Önce şu tespitlere bir göz atalım.
Suriye’de Esad rejiminin kontrol ettiği ve yanında yer alan Nusayri nüfus savaştan önce 2 milyon 640 bin kişiydi.
Ülkedeki yaklaşık 2 milyon Hıristiyan’ın çoğu da savaş çıktıktan sonra göç etti.
Şam rejiminin bu savaşta yetişmiş 100 binden fazla genci öldü.
Savaştan önce nüfusu 1 milyon 800 bin olan Şam’ın nüfusu ise bugün 5 milyon civarında. Neredeyse Lazkiye hariç tüm rejim taraftarları Şam ve çevresinde dar bir alana hapsoldular.

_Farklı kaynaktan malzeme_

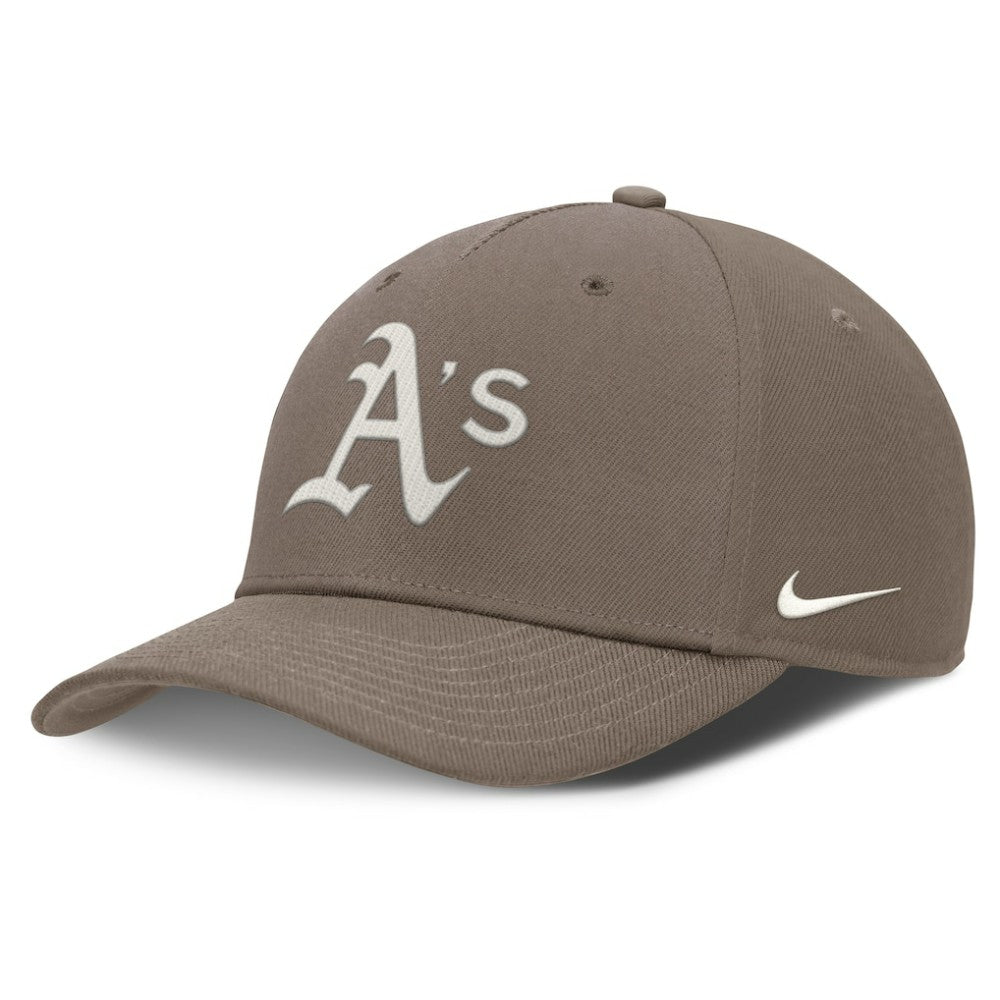 Athletics Nike Rise Performance Adjustable Hat - Brown - Nike Sale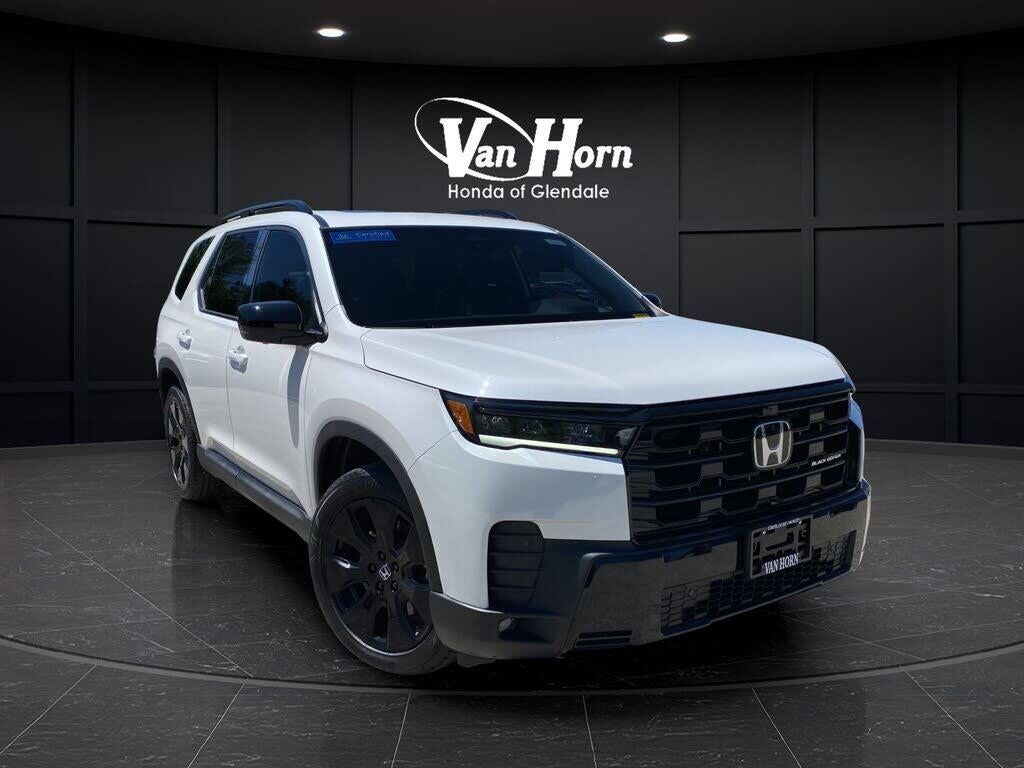 2026 Honda Pilot Black Edition — photo 1 of 1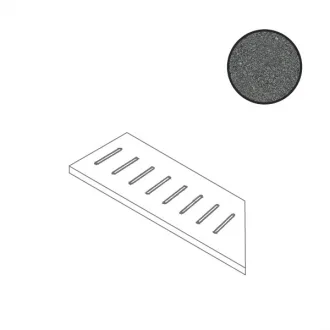 X20 River Ang. Griglia Sx Lead 0002282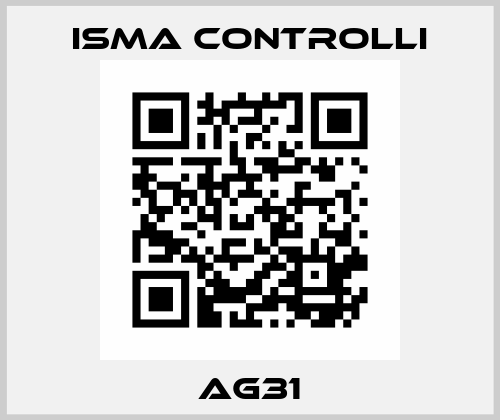 AG31 iSMA CONTROLLI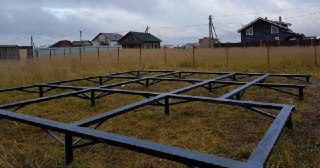Купить металлические сваи для фундамента в Благовещенск с установкой под ключ цена от 1896 руб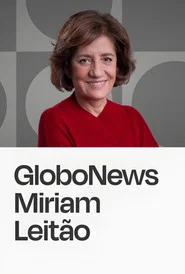 GloboNews Miriam Leitão tv show poster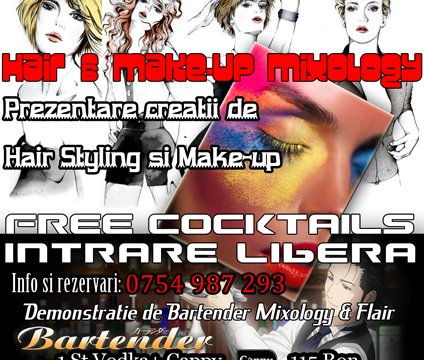 Hair & Make-up Mixology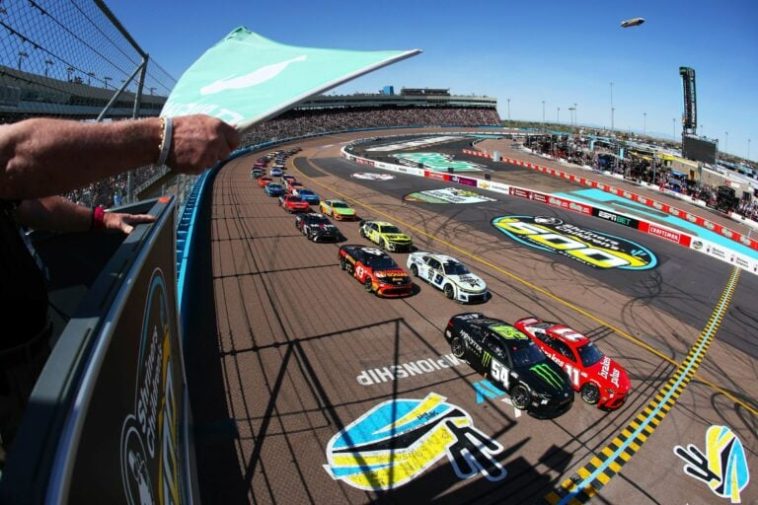 Alineación inicial de Phoenix: noviembre de 2024 (final de NASCAR)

Çünkü ülkede konuşlanan İran ordusu, DEAŞ’ın saldırıları ile boşalan ve Şam’a göç eden Nusayri-Hıristiyan nüfusun boşalttığı yerlere DEAŞ’ı kovduktan sonra Afganistan’dan, Pakistan ve çeşitli ülkelerden getirilen ekstremist Şii nüfusu yerleştirdi. Ve buna devam etmekte.
Geçen hafta Lazkiye’nin güney mahallesi Jable’de de bombalar patladı. Yakında oradaki Nusayriler de göç edecek ve göreceksiniz oralara da yine İran’ın Şiileri yerleştirilecek.
İran Suriye’nin demografik yapısını değiştiriyor. Nusayri nüfus bu kez azgın ve saldırgan radikal bir Şii nüfus ile baş başa kalma durumunda.
Çaktırmıyorlar ama rejim çok sıkıntılı.
Bir çarpıcı örnek daha.
Şam 15 gündür susuz.
Çünkü şehrin 16 kilometre kuzeyinde muhaliflerin kontrolünde bulunan ve aynı zamanda Şam’ın su ihtiyacını karşılayan Barada Vadisi’nden su akışı kesildi. İki hafta öncesine kadar, rejim güçleri, Şam'a su akışının engellenmemesi karşılığında muhaliflerin kontrolündeki bölgeye sınırlı miktarda gıda girmesine izin veriyordu.